I love to talk at people, which is one of the reasons I speak on more panels than maybe I should. Last month I ran– literally jogged across the Diag like a tardy freshman– from academic job market training in Angell Hall to a public scholarship panel on Rackham. In a way this is a heavy-handed metaphor for my academic life: my research lives in one building, my community engagement work elsewhere. Out of breath and sweaty, I arrived at the public scholarship event wondering how many times I’d done something like this, running myself ragged trying to do all the things I love. I wished for about the millionth time that Hermione could loan me her time-turner.

At the panel itself, of course, the moderator asked my panelists and I how we see our public and non-academic work fitting in with our scholarly work. At first I struggled with assimilating my whole life into a succinct answer to my colleague’s question: there was an engaged learning class that I taught during my third year, the times I’ve given talks on my research to groups of social workers, the internship at the local public radio station that has introduced me to a whole new world of reading, writing, and communicating complex ideas.
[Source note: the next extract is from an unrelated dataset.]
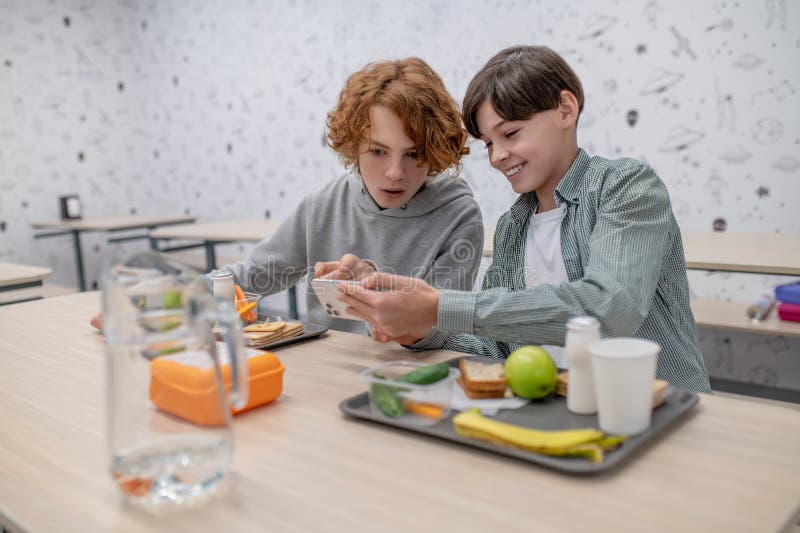 Two School Boys Having Lunch in a School Canteen Stock Image Image of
Off the cuff, I told the audience that all of these things are all pretty much the same: it’s all just learning stuff and telling people about it. And it’s true: sure, I obsess over my research, but I’m just as energized by imagining how to get that new knowledge to the people who would most be curious about it, or benefit from it, or be challenged by it. It’s a reason I’ve loved working in an English department and teaching first-year composition courses. It’s also a political commitment of mine to try to spread knowledge around, especially to people outside of academic spaces.

That said, I do want to offer one corrective to what I told that panel audience last week: as much as I enjoy public speaking, the academy that I want to see in the world also needs public listening. This is also something I’ve learned working in public radio for the last year: in trying to make community issues feel real for a public radio audience, my most important tool usually isn’t my voice, but my ears. Since starting my internship, I’ve tried to heal the academic / non-academic bifurcation in my brain by linking two sets of concerns: “What are the questions that are urgent to people right now?” and “What could academics do to help answer those questions?” My own research into identification documents and the stories people tell about them tries to do a little slice of this: the project has been monumentally informed by hanging out with transgender friends who are worried about being discriminated against when they show their license at the local pub, or listening to the children of undocumented residents of Washtenaw County tell members of city council that they’re worried every time their parents have to show ID to pick them up from school. What if, in the Humanities PhD of the future, we could help students co-construct projects with folks who are asking critical questions in their own lives? It’s hard, but not impossible. Feminist scholarship like Richa Nagar’s Playing with Fire has already challenged academics to create collaborative and responsive research methods that blend the close textual analysis and theoretical acumen with new norms of scholarly listening. But I’m still reaching for how to do this type of work myself. It’s intimidating to reach outside my own methodological areas of expertise, for sure. Plus, I’m still wondering how to construct a research ethics that balances respectful community engagement with the creative protocols of humanist scholarly production.

This year, I’m going to try to talk less, and smile listen more. I’ll probably still monologue too much about my favorite dissertation facts, especially if I’ve had a drink or two. That said, I’ll try to prioritize opening my ears as much as my mouth. (A blog post doesn’t count as talking, right?